▸ RECORDS SUPPLIED
□ □ □ □
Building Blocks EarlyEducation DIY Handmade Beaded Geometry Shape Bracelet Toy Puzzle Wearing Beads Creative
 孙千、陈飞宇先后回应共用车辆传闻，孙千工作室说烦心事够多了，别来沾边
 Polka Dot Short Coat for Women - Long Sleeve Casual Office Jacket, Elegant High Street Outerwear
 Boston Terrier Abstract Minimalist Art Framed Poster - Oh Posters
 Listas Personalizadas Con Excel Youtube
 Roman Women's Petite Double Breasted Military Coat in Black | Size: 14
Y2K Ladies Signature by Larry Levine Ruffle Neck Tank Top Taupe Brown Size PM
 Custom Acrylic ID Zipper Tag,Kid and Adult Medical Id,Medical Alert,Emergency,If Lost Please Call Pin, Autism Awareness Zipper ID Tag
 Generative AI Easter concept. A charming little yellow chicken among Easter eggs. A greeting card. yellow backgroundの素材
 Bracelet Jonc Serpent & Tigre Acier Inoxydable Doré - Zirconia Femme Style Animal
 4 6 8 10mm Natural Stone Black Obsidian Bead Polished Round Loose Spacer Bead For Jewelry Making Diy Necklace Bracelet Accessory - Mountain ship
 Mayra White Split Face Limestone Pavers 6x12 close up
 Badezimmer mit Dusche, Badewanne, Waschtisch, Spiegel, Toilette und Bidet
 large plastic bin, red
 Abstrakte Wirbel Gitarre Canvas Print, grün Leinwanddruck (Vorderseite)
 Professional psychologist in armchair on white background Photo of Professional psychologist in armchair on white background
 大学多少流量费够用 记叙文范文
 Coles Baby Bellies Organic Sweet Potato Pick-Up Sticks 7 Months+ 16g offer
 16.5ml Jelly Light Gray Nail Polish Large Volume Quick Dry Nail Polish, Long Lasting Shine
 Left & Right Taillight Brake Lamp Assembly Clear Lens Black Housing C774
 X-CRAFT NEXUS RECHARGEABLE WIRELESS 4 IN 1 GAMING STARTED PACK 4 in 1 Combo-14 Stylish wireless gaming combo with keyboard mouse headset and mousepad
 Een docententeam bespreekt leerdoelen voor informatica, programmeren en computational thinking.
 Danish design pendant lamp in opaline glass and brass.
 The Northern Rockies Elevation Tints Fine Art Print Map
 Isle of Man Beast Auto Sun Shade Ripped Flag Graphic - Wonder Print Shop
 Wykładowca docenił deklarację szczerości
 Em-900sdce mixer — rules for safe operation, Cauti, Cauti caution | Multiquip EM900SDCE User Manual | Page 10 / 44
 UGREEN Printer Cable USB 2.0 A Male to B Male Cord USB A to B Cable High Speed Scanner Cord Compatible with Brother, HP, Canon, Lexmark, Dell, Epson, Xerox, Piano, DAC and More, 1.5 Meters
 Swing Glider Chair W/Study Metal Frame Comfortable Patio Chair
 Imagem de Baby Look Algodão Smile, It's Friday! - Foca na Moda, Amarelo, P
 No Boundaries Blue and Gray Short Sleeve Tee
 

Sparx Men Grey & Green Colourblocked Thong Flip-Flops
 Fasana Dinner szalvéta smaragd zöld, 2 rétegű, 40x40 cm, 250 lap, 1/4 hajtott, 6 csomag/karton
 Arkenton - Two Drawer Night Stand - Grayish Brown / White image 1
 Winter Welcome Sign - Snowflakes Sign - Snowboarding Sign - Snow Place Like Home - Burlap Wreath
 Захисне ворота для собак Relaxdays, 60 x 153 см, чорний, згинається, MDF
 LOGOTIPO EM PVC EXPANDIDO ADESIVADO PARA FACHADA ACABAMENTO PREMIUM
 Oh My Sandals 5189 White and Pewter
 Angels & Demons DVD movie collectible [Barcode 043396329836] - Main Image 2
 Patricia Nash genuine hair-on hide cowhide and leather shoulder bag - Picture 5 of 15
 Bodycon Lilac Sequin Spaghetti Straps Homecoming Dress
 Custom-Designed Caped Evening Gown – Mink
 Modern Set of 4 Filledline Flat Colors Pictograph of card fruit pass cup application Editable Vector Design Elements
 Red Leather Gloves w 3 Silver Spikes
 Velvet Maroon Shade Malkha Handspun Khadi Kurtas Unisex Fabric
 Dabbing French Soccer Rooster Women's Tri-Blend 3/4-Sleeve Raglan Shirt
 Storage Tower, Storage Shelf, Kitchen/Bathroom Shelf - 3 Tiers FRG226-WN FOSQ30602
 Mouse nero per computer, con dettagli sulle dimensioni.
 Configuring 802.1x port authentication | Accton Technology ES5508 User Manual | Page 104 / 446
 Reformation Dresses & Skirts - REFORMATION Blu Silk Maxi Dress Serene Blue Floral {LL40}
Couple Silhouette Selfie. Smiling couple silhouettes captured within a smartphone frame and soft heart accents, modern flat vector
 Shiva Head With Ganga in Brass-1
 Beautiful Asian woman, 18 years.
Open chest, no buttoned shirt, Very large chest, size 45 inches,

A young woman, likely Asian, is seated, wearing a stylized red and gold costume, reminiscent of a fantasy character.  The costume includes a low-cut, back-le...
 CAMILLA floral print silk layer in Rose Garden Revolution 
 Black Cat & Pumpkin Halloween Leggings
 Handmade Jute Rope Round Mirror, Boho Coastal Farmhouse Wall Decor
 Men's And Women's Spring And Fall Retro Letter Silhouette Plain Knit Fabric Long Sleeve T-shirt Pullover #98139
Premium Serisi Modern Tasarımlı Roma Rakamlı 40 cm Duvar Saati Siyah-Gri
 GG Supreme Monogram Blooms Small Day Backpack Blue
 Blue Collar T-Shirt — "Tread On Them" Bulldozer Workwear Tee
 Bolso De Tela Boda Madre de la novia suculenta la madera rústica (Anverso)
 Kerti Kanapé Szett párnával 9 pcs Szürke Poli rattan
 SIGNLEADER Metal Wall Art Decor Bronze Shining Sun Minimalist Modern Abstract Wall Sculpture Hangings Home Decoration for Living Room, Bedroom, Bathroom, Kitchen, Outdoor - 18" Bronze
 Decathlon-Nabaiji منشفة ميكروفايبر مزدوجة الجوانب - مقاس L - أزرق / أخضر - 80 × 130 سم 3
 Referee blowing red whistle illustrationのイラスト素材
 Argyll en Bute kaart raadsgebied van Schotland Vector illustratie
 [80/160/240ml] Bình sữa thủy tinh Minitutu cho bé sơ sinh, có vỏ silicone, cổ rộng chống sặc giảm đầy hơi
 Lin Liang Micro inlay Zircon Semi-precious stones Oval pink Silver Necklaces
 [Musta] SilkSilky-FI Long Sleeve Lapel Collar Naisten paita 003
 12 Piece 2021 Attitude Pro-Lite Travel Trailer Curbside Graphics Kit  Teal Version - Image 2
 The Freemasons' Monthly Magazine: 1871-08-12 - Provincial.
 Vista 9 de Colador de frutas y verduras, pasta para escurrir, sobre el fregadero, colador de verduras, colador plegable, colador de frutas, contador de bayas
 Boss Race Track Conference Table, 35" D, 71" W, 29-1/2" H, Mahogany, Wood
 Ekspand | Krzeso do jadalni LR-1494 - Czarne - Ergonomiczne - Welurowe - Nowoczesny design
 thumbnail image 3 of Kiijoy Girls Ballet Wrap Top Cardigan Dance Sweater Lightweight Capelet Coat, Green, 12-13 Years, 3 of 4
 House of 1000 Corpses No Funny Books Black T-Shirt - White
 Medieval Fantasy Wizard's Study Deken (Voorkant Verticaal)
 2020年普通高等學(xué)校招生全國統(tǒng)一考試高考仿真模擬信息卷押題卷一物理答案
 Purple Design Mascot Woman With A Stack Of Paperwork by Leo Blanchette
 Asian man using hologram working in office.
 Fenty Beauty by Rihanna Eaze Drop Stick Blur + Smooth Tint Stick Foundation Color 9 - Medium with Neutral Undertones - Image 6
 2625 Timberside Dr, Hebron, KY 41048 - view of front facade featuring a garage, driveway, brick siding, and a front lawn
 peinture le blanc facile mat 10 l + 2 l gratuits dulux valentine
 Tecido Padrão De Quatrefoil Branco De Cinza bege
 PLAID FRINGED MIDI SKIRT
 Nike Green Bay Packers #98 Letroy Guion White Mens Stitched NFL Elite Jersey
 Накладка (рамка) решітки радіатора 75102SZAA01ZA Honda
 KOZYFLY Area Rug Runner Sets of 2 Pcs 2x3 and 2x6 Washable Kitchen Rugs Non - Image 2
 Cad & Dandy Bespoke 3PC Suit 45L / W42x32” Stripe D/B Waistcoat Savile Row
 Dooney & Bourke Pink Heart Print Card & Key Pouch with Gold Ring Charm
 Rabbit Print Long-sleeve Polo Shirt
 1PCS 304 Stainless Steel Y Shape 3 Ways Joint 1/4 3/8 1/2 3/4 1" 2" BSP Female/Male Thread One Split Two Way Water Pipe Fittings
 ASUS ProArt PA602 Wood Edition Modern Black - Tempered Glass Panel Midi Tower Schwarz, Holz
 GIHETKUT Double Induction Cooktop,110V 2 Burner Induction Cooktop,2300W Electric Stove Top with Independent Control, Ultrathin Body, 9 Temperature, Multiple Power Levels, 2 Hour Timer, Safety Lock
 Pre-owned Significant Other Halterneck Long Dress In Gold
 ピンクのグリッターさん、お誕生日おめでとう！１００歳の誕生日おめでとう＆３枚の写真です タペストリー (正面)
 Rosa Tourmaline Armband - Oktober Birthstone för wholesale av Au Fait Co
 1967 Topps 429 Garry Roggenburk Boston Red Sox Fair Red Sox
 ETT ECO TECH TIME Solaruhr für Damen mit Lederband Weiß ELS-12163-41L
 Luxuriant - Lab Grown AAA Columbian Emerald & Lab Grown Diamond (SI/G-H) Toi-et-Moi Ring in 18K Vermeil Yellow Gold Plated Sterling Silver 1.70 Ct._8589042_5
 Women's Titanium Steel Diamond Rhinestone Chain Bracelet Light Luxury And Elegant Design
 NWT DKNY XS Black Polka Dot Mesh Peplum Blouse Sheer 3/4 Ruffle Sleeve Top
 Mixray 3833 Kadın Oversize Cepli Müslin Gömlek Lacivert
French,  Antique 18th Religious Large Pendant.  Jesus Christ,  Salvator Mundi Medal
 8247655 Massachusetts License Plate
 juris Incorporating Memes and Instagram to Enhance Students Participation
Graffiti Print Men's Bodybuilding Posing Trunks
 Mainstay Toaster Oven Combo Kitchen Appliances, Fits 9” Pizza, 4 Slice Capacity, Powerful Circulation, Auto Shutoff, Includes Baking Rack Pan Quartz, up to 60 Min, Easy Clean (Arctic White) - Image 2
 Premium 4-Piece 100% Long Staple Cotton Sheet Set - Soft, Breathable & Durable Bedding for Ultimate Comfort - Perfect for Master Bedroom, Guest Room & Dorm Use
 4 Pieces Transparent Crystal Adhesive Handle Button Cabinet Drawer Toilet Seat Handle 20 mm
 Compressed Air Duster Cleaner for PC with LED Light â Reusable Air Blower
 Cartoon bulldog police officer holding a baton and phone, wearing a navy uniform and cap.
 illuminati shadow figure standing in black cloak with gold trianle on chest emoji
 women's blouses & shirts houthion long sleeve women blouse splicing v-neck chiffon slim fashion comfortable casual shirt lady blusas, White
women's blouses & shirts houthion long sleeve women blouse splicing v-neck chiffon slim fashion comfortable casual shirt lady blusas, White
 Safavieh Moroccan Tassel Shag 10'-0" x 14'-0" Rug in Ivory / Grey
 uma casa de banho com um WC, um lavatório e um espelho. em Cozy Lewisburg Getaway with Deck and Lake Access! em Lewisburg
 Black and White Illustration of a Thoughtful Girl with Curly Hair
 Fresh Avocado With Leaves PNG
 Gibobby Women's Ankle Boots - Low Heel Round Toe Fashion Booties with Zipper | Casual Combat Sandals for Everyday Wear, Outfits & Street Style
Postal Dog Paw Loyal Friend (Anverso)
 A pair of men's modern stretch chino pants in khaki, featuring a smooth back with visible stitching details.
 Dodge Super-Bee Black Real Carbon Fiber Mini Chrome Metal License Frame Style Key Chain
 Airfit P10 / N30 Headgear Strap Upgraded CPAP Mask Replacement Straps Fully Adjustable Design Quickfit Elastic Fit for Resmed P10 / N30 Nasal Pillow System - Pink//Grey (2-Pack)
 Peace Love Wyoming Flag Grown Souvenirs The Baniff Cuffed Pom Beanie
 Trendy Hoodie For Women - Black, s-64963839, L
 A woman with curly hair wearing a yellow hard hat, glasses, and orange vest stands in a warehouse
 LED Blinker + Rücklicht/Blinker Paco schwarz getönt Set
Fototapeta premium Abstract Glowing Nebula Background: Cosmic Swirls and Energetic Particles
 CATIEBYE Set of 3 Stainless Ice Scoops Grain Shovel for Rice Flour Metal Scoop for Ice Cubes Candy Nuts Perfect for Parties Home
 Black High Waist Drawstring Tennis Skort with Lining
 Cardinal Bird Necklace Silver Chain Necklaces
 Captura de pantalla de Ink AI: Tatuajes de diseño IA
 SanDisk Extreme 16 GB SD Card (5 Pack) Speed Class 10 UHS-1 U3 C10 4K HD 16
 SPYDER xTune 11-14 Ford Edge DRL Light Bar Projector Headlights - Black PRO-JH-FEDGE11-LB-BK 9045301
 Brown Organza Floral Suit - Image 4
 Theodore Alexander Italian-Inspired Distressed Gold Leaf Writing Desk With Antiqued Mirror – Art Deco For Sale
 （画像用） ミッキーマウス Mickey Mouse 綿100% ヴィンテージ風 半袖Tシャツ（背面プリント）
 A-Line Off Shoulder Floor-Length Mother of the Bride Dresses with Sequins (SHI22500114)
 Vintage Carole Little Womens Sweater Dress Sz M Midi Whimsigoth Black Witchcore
□ □ □ □
▸ INSTRUCTIONS TO FOLLOW
Retype exactly the lines of the data above, starting at its first line and finishing with the line that has "Left & Right" in it.

▸ TASK ANSWER
Building Blocks EarlyEducation DIY Handmade Beaded Geometry Shape Bracelet Toy Puzzle Wearing Beads Creative
 孙千、陈飞宇先后回应共用车辆传闻，孙千工作室说烦心事够多了，别来沾边
 Polka Dot Short Coat for Women - Long Sleeve Casual Office Jacket, Elegant High Street Outerwear
 Boston Terrier Abstract Minimalist Art Framed Poster - Oh Posters
 Listas Personalizadas Con Excel Youtube
 Roman Women's Petite Double Breasted Military Coat in Black | Size: 14
Y2K Ladies Signature by Larry Levine Ruffle Neck Tank Top Taupe Brown Size PM
 Custom Acrylic ID Zipper Tag,Kid and Adult Medical Id,Medical Alert,Emergency,If Lost Please Call Pin, Autism Awareness Zipper ID Tag
 Generative AI Easter concept. A charming little yellow chicken among Easter eggs. A greeting card. yellow backgroundの素材
 Bracelet Jonc Serpent & Tigre Acier Inoxydable Doré - Zirconia Femme Style Animal
 4 6 8 10mm Natural Stone Black Obsidian Bead Polished Round Loose Spacer Bead For Jewelry Making Diy Necklace Bracelet Accessory - Mountain ship
 Mayra White Split Face Limestone Pavers 6x12 close up
 Badezimmer mit Dusche, Badewanne, Waschtisch, Spiegel, Toilette und Bidet
 large plastic bin, red
 Abstrakte Wirbel Gitarre Canvas Print, grün Leinwanddruck (Vorderseite)
 Professional psychologist in armchair on white background Photo of Professional psychologist in armchair on white background
 大学多少流量费够用 记叙文范文
 Coles Baby Bellies Organic Sweet Potato Pick-Up Sticks 7 Months+ 16g offer
 16.5ml Jelly Light Gray Nail Polish Large Volume Quick Dry Nail Polish, Long Lasting Shine
 Left & Right Taillight Brake Lamp Assembly Clear Lens Black Housing C774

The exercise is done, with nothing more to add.